What's in a magical name?
Magical names and magical mottos are hard to settle on—it took me years of off-and-on searching and consideration to arrive at something. I want to talk a little about what that journey was like for me to discover my magical motto, which I hope functions as inspiration and yields insight to others who endeavor towards the same.
Re-reading the deeper part of my experience I wrote, I'm a bit self-conscious. This is very much a just-me thing, and I don't expect anyone to get it. If they do, great, hopefully it helps them; if they don't, just please don't be a jerk and criticize me over it? I'm taking a chance and sharing it because I think it's the best way to communicate what I have to say to get my point across. Anyway.
Magical names and mottos are similar but not quite the same. In addition, magical names can come in two flavors: names used in the magical community and names used as representing magical identities in workings. Sometimes these are the same thing. Magical mottos are usually not a single word but are full expressions that capture one's ideals and ambitions—and sometimes they get used as community names as well as magical identity-names.
To recap, here are three different kinds of names/mottos that may or may not overlap and some things to consider when choosing them:
- Magical community names: consider how easy it is to say, how memorable it is, and if it captures how you want to be thought of in the community. This is a social name. I still go by my government name in the community because it's fairly unique, memorable, and it captures my identity well enough.

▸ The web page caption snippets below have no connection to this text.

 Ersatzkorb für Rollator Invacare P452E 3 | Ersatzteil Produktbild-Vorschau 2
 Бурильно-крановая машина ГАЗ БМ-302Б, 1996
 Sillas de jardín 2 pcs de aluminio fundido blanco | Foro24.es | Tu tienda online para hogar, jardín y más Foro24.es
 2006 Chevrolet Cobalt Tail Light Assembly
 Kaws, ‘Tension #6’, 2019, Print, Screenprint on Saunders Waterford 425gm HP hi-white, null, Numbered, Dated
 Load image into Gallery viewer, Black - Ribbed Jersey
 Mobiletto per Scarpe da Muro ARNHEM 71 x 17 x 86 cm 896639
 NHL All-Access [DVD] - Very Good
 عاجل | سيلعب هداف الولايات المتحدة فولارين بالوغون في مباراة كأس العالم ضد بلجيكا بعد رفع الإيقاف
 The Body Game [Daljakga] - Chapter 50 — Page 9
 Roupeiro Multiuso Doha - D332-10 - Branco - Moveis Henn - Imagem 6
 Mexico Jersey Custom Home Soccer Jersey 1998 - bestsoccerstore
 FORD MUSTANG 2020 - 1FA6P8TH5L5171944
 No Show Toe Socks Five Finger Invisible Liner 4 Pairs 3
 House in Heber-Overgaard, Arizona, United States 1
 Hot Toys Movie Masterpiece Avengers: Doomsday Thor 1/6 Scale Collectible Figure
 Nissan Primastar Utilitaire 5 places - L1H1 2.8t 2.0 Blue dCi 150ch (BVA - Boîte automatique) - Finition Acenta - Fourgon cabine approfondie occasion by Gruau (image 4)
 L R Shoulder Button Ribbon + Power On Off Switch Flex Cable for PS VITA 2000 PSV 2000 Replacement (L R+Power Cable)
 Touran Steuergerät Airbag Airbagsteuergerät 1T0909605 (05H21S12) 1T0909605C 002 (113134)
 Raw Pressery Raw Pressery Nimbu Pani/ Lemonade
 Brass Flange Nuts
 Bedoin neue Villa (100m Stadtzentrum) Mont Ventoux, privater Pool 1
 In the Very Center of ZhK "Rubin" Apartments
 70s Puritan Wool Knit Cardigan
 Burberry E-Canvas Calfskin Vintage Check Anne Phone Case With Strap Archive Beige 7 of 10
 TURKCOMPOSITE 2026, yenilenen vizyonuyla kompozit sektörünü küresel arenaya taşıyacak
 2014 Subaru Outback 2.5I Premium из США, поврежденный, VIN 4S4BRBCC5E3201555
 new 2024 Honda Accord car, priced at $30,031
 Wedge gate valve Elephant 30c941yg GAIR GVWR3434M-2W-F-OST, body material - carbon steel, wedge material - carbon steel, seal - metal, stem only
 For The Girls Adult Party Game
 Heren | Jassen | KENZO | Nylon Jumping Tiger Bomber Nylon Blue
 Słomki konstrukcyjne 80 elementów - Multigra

- Magical working names: consider how you would want to be known to spiritual entities. Consider what you want your identity to be when you engage in magical operations, and what the spirit and flavor of that identity is like. For me, my normal name is fine; I don't see any reason to change it because I think entities are pretty well in my own head, at least partly, so it's not like they don't know who I am to begin with. Also, separating my identity into mundane and magical seems counterproductive when I'm trying to elevate myself and reach deeper forms of spiritual attainment as a whole person versus just one part of myself. It's like, sure, we wear different hats when we do magic and when we do taxes, but the hats all fit on the same head.
- Magical mottos: to me, these are less names to go by in a context and more full statements/expressions of what you are about. You can abbreviate or create an initialism out of it to use as a magical working name or community name if you're so inclined or even use the full thing if it's concise enough. The big thing to consider is what are you working towards? What are your ideals? What do you want your life to be, magically speaking, in the grand scheme of things?
So yeah, what I settled on was my magical motto. I've played with other languages, gematria/isopsephy, symbolism, metaphor, adages, and so much trying to settle on one. Ultimately, what I really needed to do, though, was be honest with myself about my understanding of existence and how I want to fit into it.
To quote Bill Wurtz in the video history of the entire world i guess: "a long time ago, actually never, and also now, nothing is nowhere. when? never. makes sense right? like i said, it didn't happen. nothing was never anywhere. that's why it's been everywhere. it's been so everywhere you don't need a where. you don't even need a when. that's how every it gets."
So yeah, there was an ineffable, incomprehensible nothing—and then, somehow someway, there became the notion of there being something or not-nothing. Because it was possible to be something other than nothing, that possibility became (in the land of no-space no-time no-anything) something. Asking "why" to this, seeking some kind of purpose or function misses the point; it is because it can. Existence is an expression of possibility, chance, and all that could and can be across multiple dimensions.
In a way, existence is part of a conversation with the void of what could be if there weren't the void. We are the otherwise. We are living words, sentences, paragraphs, whole narratives that tell the void what could be if given a chance. If we are parts of a conversation with the void, some parts of the dialogue are quiet, others are loud.
I have struggled with nihilism a lot in the past, often because of existential despair and depression. Through wrestling with nihilism for the better part of my life and arriving at this understanding, I have come to understand my ideal: I want to scream into the void, and to echo for always.
In the end, my scream is as meaningless as a whisper; we only exist to each other, not the void. Nonetheless, I shout and yell. I do it for me. I do it because I recognize and see the beauty and horror in what we are, in what existence is. The entirety of it all is beyond my comprehension—even what I am bellowing against, as simple as it is, remains something no one can truly conceive. Still, I cry out because it matters more than anything to me—even if the void doesn't listen, I can hope in the face of futility and impossibility that one of existence's possibilities is it somehow does.
There is no reason for my voice; what I want to listen is always and never a thing that could listen.
And that's why I must scream until: I am echoing.